23.02.09 update

紅白で寅さんも踊った昭和リズム歌謡の大ヒット曲 橋幸夫「あの娘と僕 スイム・スイム・スイム」

 季節外れながら、燦燦と太陽の輝く真夏のビーチを恋しく思いながら、1965年にビクターからリリースされた橋幸夫の「あの娘と僕(あのことぼく) スイム・スイム・スイム」をご紹介したい。65年のNHK紅白歌合戦で、白組のトリを務めた橋が歌ったのが「あの娘と僕~」である。橋のバックでは、坂本九やこの年ジャズのスタンダード・ナンバー「マック・ザ・ナイフ」を歌って初出場を果たしたジャニーズをはじめとする白組メンバーや、応援で駆けつけたNHKの人気番組「ジェスチャー」の白組キャプテン柳家金語楼、やはりNHKで放送中だった大人のバラエティ番組「夢であいましょう」や、人気コメディドラマ「若い季節」に出演していた、まだ『男はつらいよ』が始まる前の渥美清らが、スイムのリズムでステップを踏んでいた。

 ちなみに初出場のジャニーズには、ハワイに滞在中の石原裕次郎から、お祝い電報が届き、番組内で披露された。このエピソードは舞台『ジャニーズ伝説』でも紹介されている。当時の紅白歌合戦では、紅組、白組それぞれに、南極越冬隊員、ブラジル日本人会など国内外から多くのウィットに富んだ応援電報が寄せられて、両組の司会者により紹介されていた。この時代の紅白歌合戦は、老若男女みんなが楽しんだ一大娯楽イベントであり、年末の風物詩であった。

 この年は、いわゆる昭和歌謡〝御三家〟がトップ・アイドルとして芸能界を席巻していて、白組のトップバッターが舟木一夫の「高原のお嬢さん」、トリが橋、もちろん西郷輝彦も「星娘」で出場していた。

 橋幸夫は、60年に「潮来笠」でデビューするや一躍人気歌手となり、同年の日本レコード大賞の新人賞に輝き、紅白歌合戦にも初出場を果たした。62年の吉永小百合とのデュエット曲「いつでも夢を」、66年の「霧氷」で、2回のレコード大賞を獲得している。紅白歌合戦にも初出場から連続17回、通算19回出場し、「あの娘と僕~」で、初めて白組をトリを務めた。本年5月3日の80歳の誕生日をもって、現役歌手を引退すると宣言しており、この1月には橋の曲を歌い継ぐ〝二代目橋幸夫〟の公募を発表した。

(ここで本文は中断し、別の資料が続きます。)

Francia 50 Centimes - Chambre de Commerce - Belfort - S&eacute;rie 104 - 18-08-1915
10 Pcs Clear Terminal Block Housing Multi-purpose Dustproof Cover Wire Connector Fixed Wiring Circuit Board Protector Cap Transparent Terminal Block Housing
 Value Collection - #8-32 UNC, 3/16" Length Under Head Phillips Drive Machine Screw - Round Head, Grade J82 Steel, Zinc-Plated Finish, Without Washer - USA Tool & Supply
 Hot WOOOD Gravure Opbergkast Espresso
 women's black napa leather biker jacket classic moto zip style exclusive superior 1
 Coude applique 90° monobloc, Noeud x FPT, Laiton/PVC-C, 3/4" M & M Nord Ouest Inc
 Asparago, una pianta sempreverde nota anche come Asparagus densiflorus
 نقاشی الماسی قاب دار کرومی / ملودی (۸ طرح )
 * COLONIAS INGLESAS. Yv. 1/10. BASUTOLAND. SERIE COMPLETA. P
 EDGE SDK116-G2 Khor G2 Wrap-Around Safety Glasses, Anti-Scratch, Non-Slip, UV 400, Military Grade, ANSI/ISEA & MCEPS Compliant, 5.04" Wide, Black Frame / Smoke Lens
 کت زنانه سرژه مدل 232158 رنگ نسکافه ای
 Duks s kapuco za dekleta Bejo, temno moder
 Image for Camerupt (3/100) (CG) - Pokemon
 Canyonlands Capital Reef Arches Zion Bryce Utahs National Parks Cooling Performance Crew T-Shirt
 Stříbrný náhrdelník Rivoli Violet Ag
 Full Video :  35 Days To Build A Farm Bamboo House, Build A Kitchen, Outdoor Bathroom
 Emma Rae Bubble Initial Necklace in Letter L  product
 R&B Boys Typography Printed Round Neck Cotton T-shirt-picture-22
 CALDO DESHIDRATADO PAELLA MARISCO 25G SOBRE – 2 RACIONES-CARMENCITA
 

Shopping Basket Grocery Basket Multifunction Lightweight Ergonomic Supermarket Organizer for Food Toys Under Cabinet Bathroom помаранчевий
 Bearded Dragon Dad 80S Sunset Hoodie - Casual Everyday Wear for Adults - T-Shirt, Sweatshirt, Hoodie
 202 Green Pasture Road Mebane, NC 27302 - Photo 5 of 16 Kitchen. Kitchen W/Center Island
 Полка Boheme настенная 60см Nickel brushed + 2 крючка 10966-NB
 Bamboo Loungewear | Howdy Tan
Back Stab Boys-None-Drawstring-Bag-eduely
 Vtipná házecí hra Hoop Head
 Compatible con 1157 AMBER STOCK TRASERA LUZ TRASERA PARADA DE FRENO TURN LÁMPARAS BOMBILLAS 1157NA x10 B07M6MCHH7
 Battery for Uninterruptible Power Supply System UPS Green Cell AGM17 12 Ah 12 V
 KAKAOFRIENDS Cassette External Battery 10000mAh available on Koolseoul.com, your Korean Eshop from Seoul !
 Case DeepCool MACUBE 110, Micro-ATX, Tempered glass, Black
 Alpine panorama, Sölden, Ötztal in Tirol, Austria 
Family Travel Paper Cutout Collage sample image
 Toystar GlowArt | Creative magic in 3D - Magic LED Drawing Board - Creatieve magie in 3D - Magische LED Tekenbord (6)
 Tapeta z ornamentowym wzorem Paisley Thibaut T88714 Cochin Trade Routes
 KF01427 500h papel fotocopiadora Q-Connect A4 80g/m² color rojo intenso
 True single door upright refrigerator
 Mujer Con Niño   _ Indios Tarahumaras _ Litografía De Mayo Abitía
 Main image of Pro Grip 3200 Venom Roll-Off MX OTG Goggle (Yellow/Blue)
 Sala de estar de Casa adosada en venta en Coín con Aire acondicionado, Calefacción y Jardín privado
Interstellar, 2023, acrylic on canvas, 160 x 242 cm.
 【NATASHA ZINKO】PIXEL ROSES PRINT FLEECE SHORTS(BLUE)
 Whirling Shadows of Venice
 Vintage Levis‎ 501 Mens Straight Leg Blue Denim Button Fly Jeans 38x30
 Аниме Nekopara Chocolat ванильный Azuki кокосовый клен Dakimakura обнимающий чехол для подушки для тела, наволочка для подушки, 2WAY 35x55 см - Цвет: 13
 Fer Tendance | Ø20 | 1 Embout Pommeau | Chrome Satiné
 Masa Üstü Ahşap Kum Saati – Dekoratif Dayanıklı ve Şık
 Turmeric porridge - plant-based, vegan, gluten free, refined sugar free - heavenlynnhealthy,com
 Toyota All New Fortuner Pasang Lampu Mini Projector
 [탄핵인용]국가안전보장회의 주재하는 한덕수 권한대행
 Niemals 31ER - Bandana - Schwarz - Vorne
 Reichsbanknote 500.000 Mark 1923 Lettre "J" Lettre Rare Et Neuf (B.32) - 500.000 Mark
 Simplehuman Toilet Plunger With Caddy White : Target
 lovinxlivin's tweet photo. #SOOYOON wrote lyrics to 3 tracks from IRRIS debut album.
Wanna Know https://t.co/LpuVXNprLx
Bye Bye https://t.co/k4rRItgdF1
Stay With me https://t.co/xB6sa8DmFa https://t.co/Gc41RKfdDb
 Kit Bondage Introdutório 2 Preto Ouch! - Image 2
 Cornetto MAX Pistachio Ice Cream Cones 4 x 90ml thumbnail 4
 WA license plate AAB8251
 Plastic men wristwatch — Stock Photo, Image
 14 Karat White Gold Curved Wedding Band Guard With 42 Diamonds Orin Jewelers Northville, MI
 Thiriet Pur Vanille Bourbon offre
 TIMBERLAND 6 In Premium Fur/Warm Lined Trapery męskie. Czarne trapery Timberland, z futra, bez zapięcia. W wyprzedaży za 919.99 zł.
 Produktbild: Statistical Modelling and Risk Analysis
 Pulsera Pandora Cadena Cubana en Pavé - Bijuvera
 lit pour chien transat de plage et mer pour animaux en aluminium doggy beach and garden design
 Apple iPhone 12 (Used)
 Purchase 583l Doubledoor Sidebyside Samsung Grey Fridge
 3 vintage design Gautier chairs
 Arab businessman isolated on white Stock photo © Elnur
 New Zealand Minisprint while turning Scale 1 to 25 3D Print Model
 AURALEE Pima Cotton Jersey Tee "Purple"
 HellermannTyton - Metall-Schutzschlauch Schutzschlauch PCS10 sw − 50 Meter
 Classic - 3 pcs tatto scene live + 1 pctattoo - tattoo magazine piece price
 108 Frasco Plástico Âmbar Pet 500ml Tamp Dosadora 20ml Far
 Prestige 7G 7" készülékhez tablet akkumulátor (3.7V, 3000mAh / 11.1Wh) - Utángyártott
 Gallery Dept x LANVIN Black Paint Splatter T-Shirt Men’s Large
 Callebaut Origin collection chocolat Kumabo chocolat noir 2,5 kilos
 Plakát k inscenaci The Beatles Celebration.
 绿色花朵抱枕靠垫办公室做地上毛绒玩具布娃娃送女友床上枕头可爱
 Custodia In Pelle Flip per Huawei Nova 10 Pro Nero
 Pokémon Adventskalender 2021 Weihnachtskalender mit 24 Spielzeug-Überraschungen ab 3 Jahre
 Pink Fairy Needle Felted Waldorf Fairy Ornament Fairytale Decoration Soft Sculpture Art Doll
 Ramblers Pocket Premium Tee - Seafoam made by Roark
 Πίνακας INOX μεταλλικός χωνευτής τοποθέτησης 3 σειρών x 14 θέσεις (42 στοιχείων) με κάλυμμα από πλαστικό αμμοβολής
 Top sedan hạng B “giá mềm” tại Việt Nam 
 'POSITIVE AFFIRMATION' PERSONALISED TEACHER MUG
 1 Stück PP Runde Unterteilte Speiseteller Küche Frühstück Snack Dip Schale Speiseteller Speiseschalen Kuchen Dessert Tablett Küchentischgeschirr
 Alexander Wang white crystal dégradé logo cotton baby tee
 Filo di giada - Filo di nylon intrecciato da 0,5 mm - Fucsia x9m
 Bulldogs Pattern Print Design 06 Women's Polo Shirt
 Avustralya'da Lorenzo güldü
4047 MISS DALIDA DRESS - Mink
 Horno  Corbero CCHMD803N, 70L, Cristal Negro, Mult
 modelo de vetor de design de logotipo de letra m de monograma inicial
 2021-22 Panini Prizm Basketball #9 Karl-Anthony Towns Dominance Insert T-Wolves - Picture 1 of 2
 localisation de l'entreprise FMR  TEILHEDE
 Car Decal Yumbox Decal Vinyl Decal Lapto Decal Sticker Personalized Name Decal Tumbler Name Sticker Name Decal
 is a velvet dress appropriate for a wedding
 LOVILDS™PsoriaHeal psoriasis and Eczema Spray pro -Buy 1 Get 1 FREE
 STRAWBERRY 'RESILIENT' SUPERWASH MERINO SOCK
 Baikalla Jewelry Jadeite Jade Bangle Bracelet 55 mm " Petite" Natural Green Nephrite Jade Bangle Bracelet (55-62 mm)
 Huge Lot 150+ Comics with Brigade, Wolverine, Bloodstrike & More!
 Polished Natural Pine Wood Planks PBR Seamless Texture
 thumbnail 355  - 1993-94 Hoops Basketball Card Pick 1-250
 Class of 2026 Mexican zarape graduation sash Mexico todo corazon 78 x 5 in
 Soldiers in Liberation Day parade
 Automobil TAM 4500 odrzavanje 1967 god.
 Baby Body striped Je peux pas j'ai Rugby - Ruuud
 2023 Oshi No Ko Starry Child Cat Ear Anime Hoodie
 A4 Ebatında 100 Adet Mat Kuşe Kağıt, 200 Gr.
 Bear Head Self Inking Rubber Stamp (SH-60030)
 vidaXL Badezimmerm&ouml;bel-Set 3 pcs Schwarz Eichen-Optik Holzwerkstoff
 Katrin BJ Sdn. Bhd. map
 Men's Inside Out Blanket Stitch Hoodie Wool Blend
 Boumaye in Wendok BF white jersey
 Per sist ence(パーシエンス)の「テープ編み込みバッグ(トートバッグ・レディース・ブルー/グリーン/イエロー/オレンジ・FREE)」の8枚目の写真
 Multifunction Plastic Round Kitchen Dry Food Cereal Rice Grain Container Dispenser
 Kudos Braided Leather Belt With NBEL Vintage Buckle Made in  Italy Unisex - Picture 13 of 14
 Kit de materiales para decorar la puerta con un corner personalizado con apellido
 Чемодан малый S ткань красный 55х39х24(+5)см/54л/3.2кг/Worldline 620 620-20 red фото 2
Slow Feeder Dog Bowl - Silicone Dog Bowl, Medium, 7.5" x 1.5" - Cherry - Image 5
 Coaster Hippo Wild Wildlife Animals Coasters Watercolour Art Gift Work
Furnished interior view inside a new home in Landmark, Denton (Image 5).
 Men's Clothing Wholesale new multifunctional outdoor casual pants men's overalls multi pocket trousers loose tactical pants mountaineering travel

「あの娘と僕~」は、〝スイムリズム〟の曲として、64年にリリースされたサーフィンの「恋をするなら」、ホットロッドの「ゼッケンNO.1スタートだ」、サブロックの「チェッ・チェッ・チェッ 涙にさよならを」とともに一連のリズム歌謡として、65年のレコード大賞の企画賞を受賞している。4曲とも作詞は佐伯孝夫、作曲は吉田正。今や、ダンスが義務教育の授業にも組み込まれ、難度の高いステップを子供たちでも器用にこなしているが、残念ながらシニア世代には難しすぎる。だが、この時代のリズムなら、金語楼や、寅さんこと渥美清もステップを踏めるほど、誰でもついていくことができ、その後のモンキーダンスや、ゴーゴー時代も、今のシニア世代は大いに踊りまくったものだった。松竹で橋主演により映画化もされ香山美子や桑野みゆきが共演している。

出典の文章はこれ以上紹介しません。